<<<<
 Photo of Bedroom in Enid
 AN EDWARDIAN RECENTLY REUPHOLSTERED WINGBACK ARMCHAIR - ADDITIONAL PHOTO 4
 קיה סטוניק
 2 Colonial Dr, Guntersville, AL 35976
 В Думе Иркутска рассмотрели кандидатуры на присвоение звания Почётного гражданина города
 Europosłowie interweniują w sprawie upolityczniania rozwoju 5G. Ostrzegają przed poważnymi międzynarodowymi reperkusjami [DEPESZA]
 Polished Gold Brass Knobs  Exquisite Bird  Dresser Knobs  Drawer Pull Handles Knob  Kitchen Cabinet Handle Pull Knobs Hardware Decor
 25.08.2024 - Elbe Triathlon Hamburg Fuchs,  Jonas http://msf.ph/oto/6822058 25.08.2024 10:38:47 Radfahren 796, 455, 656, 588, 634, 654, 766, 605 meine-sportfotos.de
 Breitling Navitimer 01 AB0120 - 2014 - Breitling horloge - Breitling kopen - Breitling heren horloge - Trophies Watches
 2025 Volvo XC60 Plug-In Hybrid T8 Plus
>>>>
<<<<
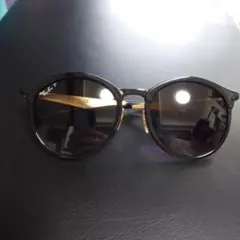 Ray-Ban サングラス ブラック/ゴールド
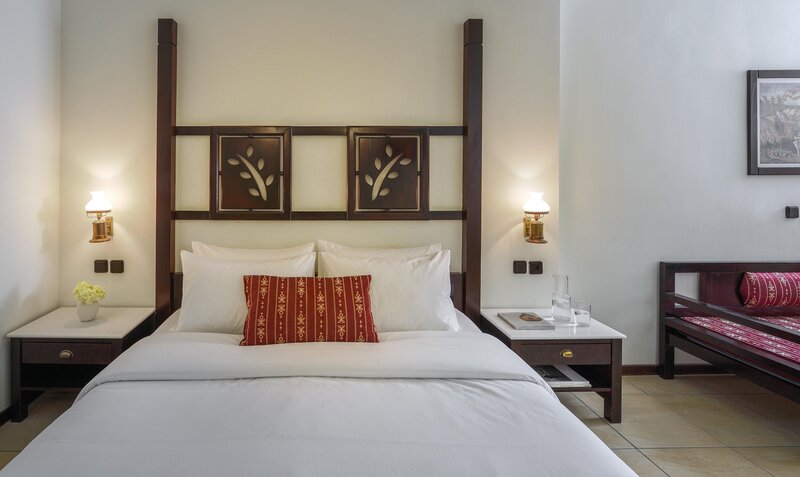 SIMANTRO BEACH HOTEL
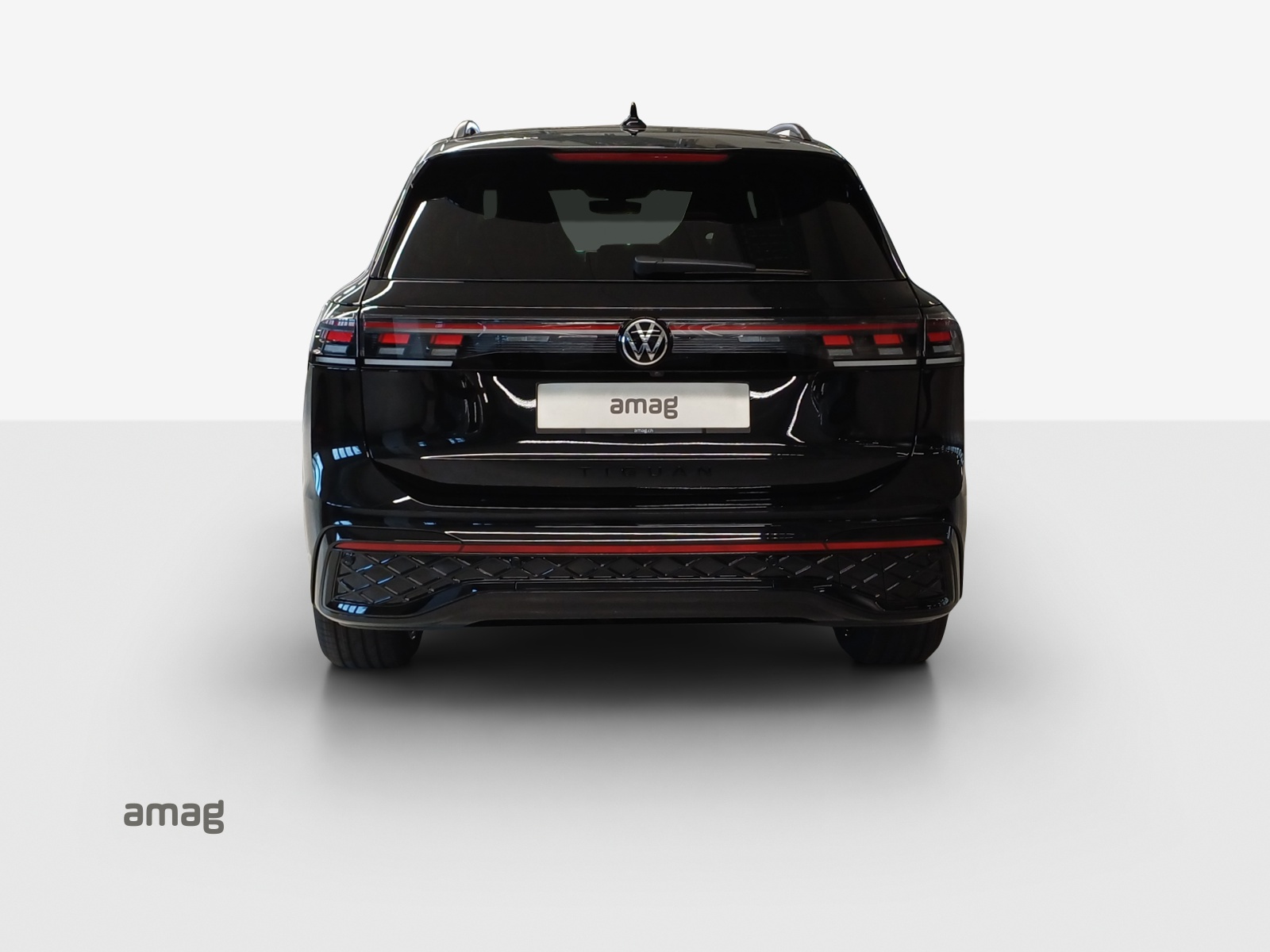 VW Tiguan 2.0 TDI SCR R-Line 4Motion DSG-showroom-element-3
>>>>
■ **WHAT TO PRODUCE**
What you give back must be the stretch above, starting at the line with "Photo of Bedroom in Enid" and ending at the line with "2025 Volvo XC60 Plug-In Hybrid T8 Plus", copied exactly.

■ **SOLUTION FOR THIS TASK**
 Photo of Bedroom in Enid
 AN EDWARDIAN RECENTLY REUPHOLSTERED WINGBACK ARMCHAIR - ADDITIONAL PHOTO 4
 קיה סטוניק
 2 Colonial Dr, Guntersville, AL 35976
 В Думе Иркутска рассмотрели кандидатуры на присвоение звания Почётного гражданина города
 Europosłowie interweniują w sprawie upolityczniania rozwoju 5G. Ostrzegają przed poważnymi międzynarodowymi reperkusjami [DEPESZA]
 Polished Gold Brass Knobs  Exquisite Bird  Dresser Knobs  Drawer Pull Handles Knob  Kitchen Cabinet Handle Pull Knobs Hardware Decor
 25.08.2024 - Elbe Triathlon Hamburg Fuchs,  Jonas http://msf.ph/oto/6822058 25.08.2024 10:38:47 Radfahren 796, 455, 656, 588, 634, 654, 766, 605 meine-sportfotos.de
 Breitling Navitimer 01 AB0120 - 2014 - Breitling horloge - Breitling kopen - Breitling heren horloge - Trophies Watches
 2025 Volvo XC60 Plug-In Hybrid T8 Plus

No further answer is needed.